Porque no podemos hablar de igualdad cuando sigue siendo noticia que las mujeres ganamos siempre menos que los hombres, cuando sigue sorprendiendo que una mujer desempeñe cualquier puesto de los presuntamente reservados a los hombres, cuando las ministras son noticia más por sus atuendos que por sus actuaciones, cuando se sigue cuestionando la presencia de mujeres en determinados ambientes, cuando se siguen organizando tertulias en torno al papel de la mujer en espacios presuntamente masculinos -sin ir más lejos, la que anoche celebraba la Expiración sobre las mujeres en la Semana Santa-, cuando no educamos de igual manera a nuestros hijos que a nuestras hijas.

Porque no podemos hablar de igualdad cuando la conciliación familiar parece una obligación exclusivamente nuestra, cuando en los colegios siguen llamando por teléfono a las madres si los niños se ponen malos, cuando la lista de la compra se escribe en la agenda del trabajo, cuando por negarte a admitir que la lavadora es un complemento femenino te llaman feminista y cuando la palabra «feminista» se sigue empleando con un sentido tan peyorativo que sirve para conjurar los peores instintos sociales.

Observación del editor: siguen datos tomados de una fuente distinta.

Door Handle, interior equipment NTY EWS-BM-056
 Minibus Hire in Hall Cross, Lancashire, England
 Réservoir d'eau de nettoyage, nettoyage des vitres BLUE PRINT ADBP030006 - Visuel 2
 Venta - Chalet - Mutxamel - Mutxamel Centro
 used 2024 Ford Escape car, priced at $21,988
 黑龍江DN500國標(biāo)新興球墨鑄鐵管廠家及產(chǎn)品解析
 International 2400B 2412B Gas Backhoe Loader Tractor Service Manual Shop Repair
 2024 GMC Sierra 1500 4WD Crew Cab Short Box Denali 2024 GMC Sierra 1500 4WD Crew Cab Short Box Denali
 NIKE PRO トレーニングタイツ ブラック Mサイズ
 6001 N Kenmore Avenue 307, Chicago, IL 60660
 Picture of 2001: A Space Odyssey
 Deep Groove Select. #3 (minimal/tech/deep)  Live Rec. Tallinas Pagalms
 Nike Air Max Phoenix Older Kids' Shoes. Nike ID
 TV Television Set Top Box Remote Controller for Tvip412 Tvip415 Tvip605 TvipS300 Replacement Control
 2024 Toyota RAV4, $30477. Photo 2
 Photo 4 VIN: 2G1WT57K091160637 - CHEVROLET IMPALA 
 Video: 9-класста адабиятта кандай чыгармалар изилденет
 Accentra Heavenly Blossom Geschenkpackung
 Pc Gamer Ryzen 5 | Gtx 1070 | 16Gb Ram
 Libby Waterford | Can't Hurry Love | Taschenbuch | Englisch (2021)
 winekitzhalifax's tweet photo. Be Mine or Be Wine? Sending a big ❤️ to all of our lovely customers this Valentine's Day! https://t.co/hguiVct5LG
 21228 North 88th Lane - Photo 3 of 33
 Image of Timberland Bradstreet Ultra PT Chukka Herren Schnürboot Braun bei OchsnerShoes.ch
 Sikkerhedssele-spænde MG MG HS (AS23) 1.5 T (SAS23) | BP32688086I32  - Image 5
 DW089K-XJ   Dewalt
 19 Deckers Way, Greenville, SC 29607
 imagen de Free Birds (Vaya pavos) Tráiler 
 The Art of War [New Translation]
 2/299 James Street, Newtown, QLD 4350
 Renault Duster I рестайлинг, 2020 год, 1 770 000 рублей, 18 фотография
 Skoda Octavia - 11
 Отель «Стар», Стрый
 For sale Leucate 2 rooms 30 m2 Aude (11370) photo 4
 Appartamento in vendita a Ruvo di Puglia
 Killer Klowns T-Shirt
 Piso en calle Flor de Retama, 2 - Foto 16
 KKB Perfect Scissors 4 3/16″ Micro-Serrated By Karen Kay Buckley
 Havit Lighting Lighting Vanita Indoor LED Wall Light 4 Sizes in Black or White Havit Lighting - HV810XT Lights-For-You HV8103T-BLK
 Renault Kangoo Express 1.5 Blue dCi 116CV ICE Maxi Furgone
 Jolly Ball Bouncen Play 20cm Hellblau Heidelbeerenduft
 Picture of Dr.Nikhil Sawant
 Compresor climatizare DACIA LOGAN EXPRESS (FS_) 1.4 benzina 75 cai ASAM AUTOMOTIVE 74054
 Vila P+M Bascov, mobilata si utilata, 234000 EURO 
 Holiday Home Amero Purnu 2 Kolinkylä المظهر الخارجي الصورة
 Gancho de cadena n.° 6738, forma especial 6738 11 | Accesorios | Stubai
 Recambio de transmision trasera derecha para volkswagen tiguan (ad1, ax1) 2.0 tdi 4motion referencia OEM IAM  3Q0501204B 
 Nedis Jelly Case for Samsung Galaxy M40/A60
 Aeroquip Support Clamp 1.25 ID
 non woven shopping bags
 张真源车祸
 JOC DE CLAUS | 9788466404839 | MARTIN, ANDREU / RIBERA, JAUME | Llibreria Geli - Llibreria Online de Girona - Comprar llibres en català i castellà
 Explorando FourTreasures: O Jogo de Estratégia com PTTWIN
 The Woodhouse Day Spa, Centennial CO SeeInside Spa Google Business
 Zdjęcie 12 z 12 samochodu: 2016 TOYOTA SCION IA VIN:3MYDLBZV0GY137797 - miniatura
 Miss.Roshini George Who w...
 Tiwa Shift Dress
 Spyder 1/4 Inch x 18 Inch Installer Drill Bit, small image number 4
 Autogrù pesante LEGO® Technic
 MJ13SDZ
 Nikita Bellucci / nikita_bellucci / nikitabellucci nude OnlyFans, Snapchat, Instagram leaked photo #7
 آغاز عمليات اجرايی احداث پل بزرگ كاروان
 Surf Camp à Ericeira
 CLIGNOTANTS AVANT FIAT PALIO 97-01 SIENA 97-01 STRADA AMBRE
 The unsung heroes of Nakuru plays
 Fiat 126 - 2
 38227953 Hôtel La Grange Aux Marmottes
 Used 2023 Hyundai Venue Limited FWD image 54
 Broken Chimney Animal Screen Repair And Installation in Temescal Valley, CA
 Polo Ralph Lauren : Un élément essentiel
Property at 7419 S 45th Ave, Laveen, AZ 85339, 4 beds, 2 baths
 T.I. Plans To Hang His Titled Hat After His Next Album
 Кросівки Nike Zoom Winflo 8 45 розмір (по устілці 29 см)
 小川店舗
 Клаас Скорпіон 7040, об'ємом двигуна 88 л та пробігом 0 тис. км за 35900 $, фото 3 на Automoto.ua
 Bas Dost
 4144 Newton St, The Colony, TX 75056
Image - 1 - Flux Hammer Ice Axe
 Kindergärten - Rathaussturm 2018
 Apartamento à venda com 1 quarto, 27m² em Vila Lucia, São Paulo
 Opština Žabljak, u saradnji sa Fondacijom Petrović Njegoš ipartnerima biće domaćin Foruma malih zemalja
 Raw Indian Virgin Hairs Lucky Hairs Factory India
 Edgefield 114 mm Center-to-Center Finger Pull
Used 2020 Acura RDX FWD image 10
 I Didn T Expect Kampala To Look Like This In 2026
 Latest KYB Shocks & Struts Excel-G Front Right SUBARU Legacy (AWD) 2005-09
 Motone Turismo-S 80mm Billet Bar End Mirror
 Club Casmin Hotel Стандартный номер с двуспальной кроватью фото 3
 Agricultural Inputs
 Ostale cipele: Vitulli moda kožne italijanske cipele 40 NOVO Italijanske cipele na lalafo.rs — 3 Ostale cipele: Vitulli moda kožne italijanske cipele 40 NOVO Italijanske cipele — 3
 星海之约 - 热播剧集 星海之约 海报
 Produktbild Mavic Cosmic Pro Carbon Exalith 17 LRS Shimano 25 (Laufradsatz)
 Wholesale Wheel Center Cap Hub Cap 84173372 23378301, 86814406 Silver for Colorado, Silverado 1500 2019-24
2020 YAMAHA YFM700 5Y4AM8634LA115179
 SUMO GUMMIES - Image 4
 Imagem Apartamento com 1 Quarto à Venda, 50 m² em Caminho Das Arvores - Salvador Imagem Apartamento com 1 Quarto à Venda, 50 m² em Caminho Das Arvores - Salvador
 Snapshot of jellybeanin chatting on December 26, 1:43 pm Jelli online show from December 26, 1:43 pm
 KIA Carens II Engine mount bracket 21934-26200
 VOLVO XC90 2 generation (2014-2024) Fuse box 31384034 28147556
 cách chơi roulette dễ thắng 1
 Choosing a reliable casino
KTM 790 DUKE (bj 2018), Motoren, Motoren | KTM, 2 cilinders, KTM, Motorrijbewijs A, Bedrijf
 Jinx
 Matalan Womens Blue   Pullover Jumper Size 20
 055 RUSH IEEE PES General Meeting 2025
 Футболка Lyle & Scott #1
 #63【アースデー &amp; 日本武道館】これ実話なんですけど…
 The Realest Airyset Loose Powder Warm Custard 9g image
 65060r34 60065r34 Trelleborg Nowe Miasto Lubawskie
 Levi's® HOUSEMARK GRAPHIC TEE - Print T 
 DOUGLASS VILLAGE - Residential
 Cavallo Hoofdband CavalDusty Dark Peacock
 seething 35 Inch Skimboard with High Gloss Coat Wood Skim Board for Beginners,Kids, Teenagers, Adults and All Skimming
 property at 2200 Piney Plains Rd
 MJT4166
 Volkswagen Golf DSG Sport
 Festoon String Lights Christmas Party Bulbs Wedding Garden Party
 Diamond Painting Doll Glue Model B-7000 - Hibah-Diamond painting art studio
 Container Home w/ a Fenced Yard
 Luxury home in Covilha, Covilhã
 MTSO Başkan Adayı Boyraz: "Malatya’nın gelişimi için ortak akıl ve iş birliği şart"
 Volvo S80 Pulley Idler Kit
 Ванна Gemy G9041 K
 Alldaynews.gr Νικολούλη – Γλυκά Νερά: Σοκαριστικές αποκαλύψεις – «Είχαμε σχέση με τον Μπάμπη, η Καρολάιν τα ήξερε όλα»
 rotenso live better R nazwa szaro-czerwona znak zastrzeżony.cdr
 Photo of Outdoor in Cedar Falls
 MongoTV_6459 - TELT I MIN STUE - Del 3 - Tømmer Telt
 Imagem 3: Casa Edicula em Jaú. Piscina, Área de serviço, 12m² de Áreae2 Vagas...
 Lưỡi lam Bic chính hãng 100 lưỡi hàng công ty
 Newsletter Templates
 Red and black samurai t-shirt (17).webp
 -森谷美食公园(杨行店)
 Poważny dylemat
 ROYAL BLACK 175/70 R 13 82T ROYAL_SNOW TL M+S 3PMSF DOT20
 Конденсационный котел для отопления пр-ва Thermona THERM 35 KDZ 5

Porque no podemos hablar de igualdad cuando la igualdad está en juego. Y nosotras tenemos el dado porque ahora es nuestro turno. El turno de enseñar a nuestras hijas que no por repetir hasta la saciedad nosotros y nosotras, niños y niñas, las cosas van a cambiar, que ni el lenguaje, ni las cuotas ni las paridades abren todas las puertas. Que las cosas cambiarán cuando ellas sean las protagonistas de su propia vida, cuando tengan las mismas oportunidades que los demás, independientemente de su sexo, de su género o de su número. Cuando nadie las deje ganar por su condición femenina, cuando nadie las haga perder por el simple hecho de ser niñas. Cuando puedan elegir su profesión, cuando puedan optar a cualquier puesto de trabajo sin que importe el aspecto que tengan. Cuando nadie espere de ellas que sepan limpiar, ni guisar, ni coser, ni planchar, cuando puedan criar a sus hijos sin que les asalte la culpa, cuando no haya necesidad de reivindicaciones en el Día Internacional de la Mujer Trabajadora, cuando hasta las princesas sean las que salgan a buscar «bellos donceles» para besarlos. Cuando se acabe el cuento que nos llevan contando toda la vida.

Las niñas ya no quieren ser princesas como las de antes.

Y yo me alegro por ellas. Que este reino, de momento, está lleno de sapos.